Picking up a couple of items each day during your walks can make a big difference.

Dog walkers are being urged to help wildlife and pets by picking up litter on their regular walkies.

The Scottish SPCA is encouraging people to support the Paws on Plastic initiative throughout May, which asks dog owners to pick up at least two pieces of litter when walking their dogs.

Scotland’s animal welfare charity, which has a Caithness and Sutherland base at Balmore near Dounreay, saw an increase of 17 per cent in calls about litter from January 1 to March 31 compared to the previous year.

It also said that 118 jobs have been raised involving animals and discarded rubbish this year, up from the same period in 2020 when there were 99.

In addition, environmental charity Keep Scotland Beautiful has recently warned of a looming litter emergency with data showing a 111 per cent increase in significantly littered sites since 2007.

Paws on Plastic was started by environmental enthusiast Marion Montgomery, who began the non-profit enterprise from her home as a way to combat the harmful effects of litter and in particular, plastic.

The Scottish SPCA is asking people to take part during May and over the Keep Scotland Beautiful Summer Clean which runs from May 28 to June 20.

Scottish SPCA chief superintendent Mike Flynn said: “We get countless reports every year of animals ingesting or becoming trapped or caught in litter or discarded fishing wire.

“Some litter is a choking hazard or can cause damage and restrict an animal’s ability to eat, which can lead to starvation. Animals can also ingest rubbish which can be fatal.

“We issue guidance and advice to the public asking them to be responsible around wild animals through our #WildlifeWise programme. The Paws on Plastic project is a fantastic extension of this and highlights the dangers litter can pose.

“We fully support Paws on Plastic and encourage people to take part. The positive effect it will have for wildlife and local communities will be tremendous.”

Marion Montgomery has grown the Paws on Plastic community to over 20,000 members worldwide.

Paws on Plastic founder Marion Montgomery with her dogs, Paddy and Ted.
Paws on Plastic founder Marion Montgomery with her dogs, Paddy and Ted.

Marion said: “I started Paws on Plastic to help protect animals from the dangers of litter. As a responsible dog owner, I was walking my dogs with spare poo bags in my pocket and often noticed the same pieces of rubbish every day.

“It really just came to me that if I removed it, it made a difference and it could save a life. It’s just fantastic that so many dog owners have joined the cause and wish to do their own wee bit to protect animals and our precious environment.

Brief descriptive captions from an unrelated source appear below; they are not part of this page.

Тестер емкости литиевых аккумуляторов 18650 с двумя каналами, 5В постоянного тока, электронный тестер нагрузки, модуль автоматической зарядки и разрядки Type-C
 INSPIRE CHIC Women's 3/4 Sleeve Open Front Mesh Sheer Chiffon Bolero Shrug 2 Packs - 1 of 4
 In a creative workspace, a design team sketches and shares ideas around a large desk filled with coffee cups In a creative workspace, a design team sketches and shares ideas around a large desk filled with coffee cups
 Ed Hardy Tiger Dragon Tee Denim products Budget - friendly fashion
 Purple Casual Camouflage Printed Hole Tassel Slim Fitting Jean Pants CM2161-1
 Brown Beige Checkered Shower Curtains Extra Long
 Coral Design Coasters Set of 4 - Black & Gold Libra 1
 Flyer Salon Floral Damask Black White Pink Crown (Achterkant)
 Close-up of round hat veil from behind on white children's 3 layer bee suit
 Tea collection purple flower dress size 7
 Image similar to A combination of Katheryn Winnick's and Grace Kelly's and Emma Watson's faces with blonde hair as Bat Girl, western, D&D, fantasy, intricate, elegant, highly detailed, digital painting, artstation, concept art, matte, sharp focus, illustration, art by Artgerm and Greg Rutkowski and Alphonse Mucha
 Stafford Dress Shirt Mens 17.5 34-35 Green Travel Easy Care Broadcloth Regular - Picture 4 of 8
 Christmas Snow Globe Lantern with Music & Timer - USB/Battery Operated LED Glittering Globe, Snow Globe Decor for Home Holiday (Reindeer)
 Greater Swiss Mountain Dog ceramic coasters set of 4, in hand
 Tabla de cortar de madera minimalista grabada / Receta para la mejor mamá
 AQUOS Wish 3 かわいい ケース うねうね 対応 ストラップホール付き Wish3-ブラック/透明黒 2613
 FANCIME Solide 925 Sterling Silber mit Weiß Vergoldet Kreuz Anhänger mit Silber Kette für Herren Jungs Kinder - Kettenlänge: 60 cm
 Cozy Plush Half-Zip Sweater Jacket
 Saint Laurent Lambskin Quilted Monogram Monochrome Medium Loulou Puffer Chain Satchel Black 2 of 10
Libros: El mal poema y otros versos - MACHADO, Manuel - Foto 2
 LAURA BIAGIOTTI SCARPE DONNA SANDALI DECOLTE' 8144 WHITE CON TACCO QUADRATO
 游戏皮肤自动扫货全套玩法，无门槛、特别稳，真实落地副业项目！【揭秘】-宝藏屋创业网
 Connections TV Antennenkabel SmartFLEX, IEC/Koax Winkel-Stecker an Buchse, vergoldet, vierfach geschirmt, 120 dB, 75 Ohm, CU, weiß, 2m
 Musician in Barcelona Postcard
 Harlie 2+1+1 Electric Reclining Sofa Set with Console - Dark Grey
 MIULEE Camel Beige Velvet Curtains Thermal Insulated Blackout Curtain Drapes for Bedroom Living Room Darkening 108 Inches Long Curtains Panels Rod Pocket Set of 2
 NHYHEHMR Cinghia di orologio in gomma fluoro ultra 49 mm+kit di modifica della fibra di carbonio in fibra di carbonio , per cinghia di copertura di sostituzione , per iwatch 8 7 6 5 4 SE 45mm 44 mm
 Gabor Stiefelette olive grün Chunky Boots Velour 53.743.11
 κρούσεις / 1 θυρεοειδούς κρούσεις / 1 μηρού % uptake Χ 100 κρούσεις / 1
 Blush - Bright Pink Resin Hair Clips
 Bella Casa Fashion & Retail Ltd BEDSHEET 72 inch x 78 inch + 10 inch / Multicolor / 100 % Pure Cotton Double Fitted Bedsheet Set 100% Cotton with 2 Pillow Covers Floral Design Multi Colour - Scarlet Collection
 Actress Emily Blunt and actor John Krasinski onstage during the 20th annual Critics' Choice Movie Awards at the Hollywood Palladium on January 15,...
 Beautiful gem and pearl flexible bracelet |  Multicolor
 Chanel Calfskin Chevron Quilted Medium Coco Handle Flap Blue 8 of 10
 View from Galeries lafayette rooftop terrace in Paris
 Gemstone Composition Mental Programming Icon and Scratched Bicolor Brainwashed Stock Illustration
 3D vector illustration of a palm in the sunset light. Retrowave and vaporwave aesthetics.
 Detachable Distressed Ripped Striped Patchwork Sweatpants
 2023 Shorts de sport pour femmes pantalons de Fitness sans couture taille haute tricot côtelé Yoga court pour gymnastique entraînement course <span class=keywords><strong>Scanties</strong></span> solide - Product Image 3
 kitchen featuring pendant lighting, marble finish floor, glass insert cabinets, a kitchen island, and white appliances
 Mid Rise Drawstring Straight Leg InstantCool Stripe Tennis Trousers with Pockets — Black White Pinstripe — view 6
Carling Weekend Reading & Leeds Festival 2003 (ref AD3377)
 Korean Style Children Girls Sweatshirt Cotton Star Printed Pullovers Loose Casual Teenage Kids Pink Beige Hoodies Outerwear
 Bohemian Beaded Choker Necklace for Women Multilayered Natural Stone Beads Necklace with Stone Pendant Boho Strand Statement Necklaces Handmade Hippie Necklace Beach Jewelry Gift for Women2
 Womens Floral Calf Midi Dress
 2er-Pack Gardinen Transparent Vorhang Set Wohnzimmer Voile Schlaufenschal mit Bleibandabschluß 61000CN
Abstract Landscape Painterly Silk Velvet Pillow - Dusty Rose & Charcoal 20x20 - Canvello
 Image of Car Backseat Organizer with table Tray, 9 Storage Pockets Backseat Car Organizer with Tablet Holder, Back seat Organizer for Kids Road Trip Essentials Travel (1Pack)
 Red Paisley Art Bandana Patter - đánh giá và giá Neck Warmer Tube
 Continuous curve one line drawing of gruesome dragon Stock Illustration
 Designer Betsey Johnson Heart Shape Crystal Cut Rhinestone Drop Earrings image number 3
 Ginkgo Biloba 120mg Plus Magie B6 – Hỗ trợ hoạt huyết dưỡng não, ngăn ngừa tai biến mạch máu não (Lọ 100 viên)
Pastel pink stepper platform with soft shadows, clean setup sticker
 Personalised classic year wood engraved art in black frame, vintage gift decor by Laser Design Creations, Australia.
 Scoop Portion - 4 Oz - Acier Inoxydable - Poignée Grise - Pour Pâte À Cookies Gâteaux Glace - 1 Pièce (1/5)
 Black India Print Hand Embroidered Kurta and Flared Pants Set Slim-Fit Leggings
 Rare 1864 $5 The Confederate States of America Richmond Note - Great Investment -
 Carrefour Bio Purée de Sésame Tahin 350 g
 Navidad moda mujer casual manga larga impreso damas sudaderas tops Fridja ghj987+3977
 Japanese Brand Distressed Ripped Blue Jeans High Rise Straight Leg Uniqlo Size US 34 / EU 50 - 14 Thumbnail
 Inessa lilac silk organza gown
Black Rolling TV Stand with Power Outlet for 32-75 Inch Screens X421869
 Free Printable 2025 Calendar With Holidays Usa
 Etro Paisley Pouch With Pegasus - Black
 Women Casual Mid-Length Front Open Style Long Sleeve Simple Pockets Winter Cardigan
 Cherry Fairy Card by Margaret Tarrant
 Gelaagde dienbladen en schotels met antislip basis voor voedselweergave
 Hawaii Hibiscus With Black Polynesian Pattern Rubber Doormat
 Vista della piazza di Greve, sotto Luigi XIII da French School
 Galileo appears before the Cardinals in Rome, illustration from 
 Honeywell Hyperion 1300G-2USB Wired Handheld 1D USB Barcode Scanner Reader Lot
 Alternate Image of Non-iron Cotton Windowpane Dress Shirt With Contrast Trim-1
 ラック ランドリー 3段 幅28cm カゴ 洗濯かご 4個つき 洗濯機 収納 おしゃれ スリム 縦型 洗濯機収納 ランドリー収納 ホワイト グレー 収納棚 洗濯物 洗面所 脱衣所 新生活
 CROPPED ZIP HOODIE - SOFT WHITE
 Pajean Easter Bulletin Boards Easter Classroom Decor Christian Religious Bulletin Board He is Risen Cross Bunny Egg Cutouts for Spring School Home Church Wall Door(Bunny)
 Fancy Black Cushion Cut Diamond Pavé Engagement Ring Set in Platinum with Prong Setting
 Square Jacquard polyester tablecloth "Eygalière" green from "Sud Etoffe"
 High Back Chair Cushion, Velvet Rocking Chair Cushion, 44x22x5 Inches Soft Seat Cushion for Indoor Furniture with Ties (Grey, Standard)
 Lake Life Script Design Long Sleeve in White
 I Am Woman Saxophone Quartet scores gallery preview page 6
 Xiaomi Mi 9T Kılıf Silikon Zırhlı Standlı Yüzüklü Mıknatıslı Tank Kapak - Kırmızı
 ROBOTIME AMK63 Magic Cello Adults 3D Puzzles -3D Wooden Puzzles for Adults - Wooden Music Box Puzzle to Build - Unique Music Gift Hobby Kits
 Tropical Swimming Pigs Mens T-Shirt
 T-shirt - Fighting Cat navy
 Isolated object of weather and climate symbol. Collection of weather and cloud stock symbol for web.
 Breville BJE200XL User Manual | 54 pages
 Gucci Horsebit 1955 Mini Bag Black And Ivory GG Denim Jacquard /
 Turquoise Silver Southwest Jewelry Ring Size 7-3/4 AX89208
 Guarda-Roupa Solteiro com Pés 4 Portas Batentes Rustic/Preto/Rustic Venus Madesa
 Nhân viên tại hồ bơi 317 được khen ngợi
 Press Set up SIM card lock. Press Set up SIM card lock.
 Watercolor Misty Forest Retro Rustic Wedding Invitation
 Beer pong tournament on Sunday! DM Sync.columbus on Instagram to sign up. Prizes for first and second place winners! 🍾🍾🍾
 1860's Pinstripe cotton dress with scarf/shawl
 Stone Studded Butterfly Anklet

“The beauty of it is that it only takes a minute when we’re out walking anyway but with 20,000 of us, it really does add up – to over 30 million pieces a year in fact!

“Our aim is that it becomes just a normal part of an everyday dog walk. All we ask is for a couple of pieces on every walk so it only takes a minute and is open to everyone, regardless of age or physical ability.

“The bonus is that it has a double effect as studies show that when streets are clean, less litter is actually dropped as you remove the easy excuse that ‘everyone does it’.

“I’d encourage all dog owners across Scotland to join us.”

The Scottish SPCA is dedicated to protecting habitats and environments to ensure Scotland’s wild animals can continue to thrive for years to come.

Mike added: “This initiative will help people respect the environment and protect animals from the dangers of litter.

“People should always dispose of their rubbish responsibly.

“No matter how small, it has the potential to be hazardous or lethal to pets, wildlife and farm animals.

“The public should exercise caution and be careful when picking up litter and we ask that children taking part be accompanied by a responsible adult. We recommend picking up litter with a dog bag or litter picker to avoid direct contact with any litter and do not pick up anything that could be harmful like glass or sharp objects. Any syringes found should not be picked up but reported to the local authority Emergency Waste Uplift informing them of the location of the syringe.

“Even if people don’t have dogs, we would urge people to still take part and get out in their local area and clean up for the benefit of animals and the community.”